I have a Hymer Starline B550 year 2000. The electric step warning buzzer stopped working which appears to be caused by the switch which is fitted on the plastic motor housing. There is a screw holding the assembly in place, but will not come off. I need to remove the plastic housing, does anyone know how this is achieved please?


----------



## Carper (Aug 15, 2007)

Barts said:


> I have a Hymer Starline B550 year 2000. The electric step warning buzzer stopped working which appears to be caused by the switch which is fitted on the plastic motor housing. There is a screw holding the assembly in place, but will not come off. I need to remove the plastic housing, does anyone know how this is achieved please?


Hi

I also had to replace the warning buzzer switch on mine. If i remember correctly, there are either 3 or 4 screws holding the cover on. If you get underneath, i should all become clear.

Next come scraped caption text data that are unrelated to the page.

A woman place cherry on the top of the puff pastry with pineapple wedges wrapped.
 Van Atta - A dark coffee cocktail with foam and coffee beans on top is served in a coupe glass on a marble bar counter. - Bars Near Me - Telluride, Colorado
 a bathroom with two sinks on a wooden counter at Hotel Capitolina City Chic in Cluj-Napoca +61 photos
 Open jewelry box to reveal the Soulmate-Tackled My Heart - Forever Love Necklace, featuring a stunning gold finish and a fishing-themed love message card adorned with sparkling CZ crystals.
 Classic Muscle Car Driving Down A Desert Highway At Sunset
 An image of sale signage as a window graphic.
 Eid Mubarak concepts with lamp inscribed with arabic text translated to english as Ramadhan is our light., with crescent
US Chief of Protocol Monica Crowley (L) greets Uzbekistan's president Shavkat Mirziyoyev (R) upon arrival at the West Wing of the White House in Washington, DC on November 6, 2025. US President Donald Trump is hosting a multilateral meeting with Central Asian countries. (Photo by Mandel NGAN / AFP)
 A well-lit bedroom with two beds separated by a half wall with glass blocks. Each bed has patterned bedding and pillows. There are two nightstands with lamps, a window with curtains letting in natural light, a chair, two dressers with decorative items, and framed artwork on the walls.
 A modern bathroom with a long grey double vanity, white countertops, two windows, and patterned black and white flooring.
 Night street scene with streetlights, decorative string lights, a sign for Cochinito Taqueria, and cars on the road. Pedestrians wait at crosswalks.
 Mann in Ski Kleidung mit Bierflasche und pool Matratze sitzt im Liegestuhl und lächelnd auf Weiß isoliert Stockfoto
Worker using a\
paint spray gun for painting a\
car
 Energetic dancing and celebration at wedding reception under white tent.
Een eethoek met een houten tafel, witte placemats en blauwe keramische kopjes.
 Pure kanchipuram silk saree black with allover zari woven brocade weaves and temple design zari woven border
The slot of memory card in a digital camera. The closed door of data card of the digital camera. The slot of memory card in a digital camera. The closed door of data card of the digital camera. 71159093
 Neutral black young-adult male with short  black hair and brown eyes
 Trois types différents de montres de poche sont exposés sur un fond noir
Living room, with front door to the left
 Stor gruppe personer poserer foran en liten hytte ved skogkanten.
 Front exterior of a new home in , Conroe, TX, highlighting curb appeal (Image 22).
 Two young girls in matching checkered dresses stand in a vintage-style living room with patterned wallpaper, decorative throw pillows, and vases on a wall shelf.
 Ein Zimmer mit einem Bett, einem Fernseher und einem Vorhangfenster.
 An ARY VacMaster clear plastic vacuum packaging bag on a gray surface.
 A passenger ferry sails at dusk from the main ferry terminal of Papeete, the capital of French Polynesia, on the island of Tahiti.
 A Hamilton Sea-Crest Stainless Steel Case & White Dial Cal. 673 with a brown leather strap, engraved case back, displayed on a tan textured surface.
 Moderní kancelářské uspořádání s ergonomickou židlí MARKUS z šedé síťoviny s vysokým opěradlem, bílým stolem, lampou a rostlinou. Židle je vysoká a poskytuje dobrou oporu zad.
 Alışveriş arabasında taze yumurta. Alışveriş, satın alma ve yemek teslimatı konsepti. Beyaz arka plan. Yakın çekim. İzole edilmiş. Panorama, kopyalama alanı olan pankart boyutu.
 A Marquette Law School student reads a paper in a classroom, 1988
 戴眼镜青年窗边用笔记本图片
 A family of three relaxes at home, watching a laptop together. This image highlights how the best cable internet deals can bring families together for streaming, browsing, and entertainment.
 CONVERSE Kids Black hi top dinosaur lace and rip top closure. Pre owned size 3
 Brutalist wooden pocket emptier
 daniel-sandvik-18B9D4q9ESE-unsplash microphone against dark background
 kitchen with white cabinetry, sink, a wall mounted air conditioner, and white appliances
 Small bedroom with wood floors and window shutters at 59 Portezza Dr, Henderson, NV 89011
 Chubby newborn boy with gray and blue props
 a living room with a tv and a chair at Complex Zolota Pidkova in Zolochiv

I got a replacement switch from Maplins, Code AY07H. You will need to trim the pin abit. They are less than £1 each, so it is worth getting a couple.

Doug


----------



## 113016 (Jun 5, 2008)

When my step buzzer stopped working, the fridge also stopped working on 12v. :x 
I contacted numerous dealers and the conscientious opinion was that it was the relay gone wrong.  
I contacted Peter Hambilton at Preston (Hambilton Engineering) and he told me that it would be the one and only scotch lock that Hymer fit.
He was absolutely correct and that was the problem


----------



## Barts (Apr 16, 2007)

Thank you very much Doug & Grath, you have both been very helpful.
Barts


----------



## takeaflight (May 9, 2005)

Hi Barts

You may have done already, but I would check the earth lead that is located on the step.

Roy


----------



## mangothemadmonk (Aug 6, 2006)

My step works well enough in and out no probs but no buzzer. Any suggestions?

Cheers.

Johnny F


----------



## 108526 (Nov 29, 2007)

you bee has flown off


----------



## takeaflight (May 9, 2005)

Hi Johnny

Probably the earth lead, take it off give it a good clean and you should get the buzzer again.

Roy


----------



## navman (May 10, 2005)

mangothemadmonk said:


> My step works well enough in and out no probs but no buzzer. Any suggestions?
> 
> Cheers.
> 
> Johnny F


I had that problem.. new switch cured the problem. It is fixed to the side of the step at the top... Mine was covered with a rubber cover..


----------



## Borisd0 (Jan 3, 2006)

Hi There, 

I had the same problem. B474 2002 

On investigation I found that the buzzer is connected across 12volts from the engine when running (not the battery). the other buzzer terminal receives a switched earth from a switch riveted to the steps motor plastic housing. (steps down buzzer earthed & sounding) The aluminum rivet holding the assembly onto the housing together with the earth wire had corroded. I drilled it out and fitted a nut and bolt lubricated with petroleum jelly and the problem was fixed.


----------